■ Aim of the exercise
Go through the entries, filter for the word "from", and copy every line that has it.

Stored data
○ ○ ○

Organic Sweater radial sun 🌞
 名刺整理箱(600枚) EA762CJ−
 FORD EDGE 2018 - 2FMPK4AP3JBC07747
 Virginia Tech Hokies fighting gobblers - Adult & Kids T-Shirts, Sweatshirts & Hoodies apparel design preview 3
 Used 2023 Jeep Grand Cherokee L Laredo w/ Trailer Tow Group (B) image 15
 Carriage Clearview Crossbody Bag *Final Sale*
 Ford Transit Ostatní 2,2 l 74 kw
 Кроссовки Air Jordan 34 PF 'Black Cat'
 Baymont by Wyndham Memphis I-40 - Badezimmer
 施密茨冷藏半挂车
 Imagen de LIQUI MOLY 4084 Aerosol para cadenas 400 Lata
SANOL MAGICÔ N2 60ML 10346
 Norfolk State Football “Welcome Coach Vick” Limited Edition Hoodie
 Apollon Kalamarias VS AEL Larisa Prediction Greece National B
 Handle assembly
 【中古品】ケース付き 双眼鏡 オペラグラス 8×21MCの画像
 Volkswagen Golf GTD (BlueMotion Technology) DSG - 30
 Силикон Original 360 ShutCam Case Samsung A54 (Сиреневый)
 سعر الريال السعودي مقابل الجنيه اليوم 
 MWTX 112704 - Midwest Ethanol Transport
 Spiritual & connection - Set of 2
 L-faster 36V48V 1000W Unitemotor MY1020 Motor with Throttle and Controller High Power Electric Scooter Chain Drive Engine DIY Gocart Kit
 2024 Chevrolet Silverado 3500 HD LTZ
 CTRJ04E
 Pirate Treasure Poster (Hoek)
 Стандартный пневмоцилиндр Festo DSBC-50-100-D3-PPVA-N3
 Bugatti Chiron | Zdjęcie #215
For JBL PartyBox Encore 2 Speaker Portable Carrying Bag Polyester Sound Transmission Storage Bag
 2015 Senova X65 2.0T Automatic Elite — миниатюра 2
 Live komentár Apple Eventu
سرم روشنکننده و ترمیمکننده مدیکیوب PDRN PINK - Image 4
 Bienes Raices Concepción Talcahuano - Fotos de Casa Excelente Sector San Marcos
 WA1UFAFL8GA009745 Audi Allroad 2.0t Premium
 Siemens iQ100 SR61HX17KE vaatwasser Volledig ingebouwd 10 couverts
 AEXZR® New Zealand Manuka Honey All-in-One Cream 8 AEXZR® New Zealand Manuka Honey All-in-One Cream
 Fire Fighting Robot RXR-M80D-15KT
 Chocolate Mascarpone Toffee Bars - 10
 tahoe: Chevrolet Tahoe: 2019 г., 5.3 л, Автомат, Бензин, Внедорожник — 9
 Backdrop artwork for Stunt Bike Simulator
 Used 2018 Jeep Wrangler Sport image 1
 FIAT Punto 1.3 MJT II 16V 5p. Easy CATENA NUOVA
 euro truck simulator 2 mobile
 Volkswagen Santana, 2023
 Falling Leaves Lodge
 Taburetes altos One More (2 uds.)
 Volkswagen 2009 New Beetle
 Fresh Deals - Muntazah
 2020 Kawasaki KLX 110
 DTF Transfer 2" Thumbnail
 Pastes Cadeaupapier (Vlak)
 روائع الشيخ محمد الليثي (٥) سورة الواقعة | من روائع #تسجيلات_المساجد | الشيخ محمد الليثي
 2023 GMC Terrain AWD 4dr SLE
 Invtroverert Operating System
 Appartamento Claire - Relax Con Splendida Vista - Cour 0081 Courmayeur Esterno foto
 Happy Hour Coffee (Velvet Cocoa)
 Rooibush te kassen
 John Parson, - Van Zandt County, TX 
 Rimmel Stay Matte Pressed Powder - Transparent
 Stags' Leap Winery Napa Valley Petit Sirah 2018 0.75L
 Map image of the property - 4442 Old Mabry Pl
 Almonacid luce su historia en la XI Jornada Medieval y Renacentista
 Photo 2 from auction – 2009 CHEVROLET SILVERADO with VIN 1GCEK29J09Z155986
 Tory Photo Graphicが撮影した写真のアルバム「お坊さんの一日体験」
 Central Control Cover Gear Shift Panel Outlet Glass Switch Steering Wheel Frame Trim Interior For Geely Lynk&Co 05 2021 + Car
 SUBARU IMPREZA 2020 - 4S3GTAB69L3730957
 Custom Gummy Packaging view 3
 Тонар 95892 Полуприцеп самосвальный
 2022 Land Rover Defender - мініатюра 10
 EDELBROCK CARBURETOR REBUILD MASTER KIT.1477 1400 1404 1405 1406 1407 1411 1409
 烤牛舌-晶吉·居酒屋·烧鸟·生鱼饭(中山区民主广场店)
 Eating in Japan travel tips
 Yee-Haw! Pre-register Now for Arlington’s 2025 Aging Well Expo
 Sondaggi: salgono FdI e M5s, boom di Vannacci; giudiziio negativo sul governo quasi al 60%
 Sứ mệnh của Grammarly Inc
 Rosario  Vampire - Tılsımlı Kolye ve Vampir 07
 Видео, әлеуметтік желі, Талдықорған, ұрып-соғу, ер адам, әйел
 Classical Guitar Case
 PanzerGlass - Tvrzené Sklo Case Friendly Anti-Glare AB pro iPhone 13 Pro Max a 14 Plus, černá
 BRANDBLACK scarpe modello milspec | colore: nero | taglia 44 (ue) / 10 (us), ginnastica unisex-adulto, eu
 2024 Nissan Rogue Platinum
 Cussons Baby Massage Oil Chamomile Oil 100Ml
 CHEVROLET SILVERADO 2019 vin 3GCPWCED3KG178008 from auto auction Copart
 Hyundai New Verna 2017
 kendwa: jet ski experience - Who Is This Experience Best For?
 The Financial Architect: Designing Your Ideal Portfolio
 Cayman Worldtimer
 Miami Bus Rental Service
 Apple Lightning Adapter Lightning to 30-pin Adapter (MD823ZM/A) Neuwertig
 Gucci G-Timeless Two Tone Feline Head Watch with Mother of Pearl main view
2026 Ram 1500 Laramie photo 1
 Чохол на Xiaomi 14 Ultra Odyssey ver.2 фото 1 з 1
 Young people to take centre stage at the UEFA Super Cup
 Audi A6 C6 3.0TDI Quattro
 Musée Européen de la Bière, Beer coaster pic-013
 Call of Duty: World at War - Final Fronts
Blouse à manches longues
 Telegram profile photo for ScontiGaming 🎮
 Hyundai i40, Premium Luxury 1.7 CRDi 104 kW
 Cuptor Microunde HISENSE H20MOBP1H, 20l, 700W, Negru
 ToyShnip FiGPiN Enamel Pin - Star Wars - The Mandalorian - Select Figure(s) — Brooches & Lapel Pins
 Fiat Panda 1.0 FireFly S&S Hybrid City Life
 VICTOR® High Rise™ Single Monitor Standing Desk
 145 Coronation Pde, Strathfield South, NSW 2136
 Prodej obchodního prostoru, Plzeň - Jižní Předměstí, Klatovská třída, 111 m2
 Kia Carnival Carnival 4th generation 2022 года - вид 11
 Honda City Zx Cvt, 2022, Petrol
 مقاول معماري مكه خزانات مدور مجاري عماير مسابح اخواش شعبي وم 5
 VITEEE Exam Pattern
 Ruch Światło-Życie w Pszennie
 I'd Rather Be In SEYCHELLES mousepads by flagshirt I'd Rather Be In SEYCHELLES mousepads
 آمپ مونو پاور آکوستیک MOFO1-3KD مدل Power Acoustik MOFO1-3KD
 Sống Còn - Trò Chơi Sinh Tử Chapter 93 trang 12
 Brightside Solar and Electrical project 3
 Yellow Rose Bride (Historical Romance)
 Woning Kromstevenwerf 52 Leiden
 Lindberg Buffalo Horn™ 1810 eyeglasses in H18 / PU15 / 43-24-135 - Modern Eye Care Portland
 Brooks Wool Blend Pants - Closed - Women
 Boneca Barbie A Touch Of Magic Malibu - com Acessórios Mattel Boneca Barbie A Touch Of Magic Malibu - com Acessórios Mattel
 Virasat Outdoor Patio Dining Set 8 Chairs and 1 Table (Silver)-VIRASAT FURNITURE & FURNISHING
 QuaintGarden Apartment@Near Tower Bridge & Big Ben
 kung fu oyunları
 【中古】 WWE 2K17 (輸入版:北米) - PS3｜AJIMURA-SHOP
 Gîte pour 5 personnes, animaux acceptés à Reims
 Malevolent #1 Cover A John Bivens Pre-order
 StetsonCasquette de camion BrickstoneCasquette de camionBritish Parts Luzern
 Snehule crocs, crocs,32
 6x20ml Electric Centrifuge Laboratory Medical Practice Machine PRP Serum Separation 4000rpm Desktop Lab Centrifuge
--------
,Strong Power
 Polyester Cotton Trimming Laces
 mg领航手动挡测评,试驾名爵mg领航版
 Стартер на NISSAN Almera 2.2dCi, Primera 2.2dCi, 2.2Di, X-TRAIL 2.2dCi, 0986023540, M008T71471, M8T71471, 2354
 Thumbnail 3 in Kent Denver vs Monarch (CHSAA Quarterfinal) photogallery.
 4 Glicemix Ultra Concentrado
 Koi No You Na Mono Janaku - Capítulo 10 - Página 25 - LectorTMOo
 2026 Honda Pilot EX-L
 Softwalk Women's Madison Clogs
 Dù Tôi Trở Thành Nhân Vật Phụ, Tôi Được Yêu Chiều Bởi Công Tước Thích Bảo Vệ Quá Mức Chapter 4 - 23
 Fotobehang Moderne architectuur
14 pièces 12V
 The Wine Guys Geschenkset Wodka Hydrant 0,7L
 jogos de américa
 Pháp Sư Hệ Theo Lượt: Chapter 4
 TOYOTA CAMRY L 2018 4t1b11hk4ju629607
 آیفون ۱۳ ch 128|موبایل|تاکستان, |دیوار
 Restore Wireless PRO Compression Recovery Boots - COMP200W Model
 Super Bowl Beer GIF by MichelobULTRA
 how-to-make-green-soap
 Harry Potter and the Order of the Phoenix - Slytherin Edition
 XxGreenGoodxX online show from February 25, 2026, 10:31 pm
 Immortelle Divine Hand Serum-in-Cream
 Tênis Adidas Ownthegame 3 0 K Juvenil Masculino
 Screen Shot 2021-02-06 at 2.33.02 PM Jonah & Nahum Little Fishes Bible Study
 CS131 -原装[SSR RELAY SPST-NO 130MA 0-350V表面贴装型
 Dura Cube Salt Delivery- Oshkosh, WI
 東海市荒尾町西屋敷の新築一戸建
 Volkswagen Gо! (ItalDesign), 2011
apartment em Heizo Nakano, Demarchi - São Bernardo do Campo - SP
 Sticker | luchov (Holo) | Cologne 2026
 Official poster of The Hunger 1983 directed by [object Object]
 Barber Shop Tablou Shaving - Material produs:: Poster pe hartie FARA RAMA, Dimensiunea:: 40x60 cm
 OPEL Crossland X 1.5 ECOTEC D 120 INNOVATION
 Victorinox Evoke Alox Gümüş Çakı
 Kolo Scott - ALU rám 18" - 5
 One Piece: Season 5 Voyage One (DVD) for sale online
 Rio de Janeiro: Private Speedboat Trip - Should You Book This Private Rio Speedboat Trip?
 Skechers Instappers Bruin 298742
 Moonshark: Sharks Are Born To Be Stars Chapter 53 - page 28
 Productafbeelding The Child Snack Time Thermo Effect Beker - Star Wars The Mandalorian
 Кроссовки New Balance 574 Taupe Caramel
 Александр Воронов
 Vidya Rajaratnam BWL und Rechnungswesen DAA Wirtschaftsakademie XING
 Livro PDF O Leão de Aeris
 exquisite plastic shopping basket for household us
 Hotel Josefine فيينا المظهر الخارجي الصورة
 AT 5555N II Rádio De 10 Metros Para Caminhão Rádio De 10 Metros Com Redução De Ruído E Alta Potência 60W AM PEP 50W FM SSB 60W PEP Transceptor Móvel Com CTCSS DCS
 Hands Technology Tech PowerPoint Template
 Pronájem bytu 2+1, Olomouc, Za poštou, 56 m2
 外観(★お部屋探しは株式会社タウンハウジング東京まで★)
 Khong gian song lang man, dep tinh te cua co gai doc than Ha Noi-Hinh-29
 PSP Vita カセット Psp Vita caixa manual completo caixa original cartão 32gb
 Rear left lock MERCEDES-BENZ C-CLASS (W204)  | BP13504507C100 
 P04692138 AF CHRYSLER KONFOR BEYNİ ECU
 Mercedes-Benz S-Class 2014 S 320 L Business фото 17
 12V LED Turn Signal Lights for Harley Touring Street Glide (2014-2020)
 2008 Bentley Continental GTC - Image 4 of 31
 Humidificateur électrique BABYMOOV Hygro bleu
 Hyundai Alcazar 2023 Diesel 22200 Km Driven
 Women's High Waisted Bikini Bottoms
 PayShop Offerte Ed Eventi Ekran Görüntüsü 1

○ ○ ○

■ Exercise solution
 Photo 2 from auction – 2009 CHEVROLET SILVERADO with VIN 1GCEK29J09Z155986
 CHEVROLET SILVERADO 2019 vin 3GCPWCED3KG178008 from auto auction Copart
 XxGreenGoodxX online show from February 25, 2026, 10:31 pm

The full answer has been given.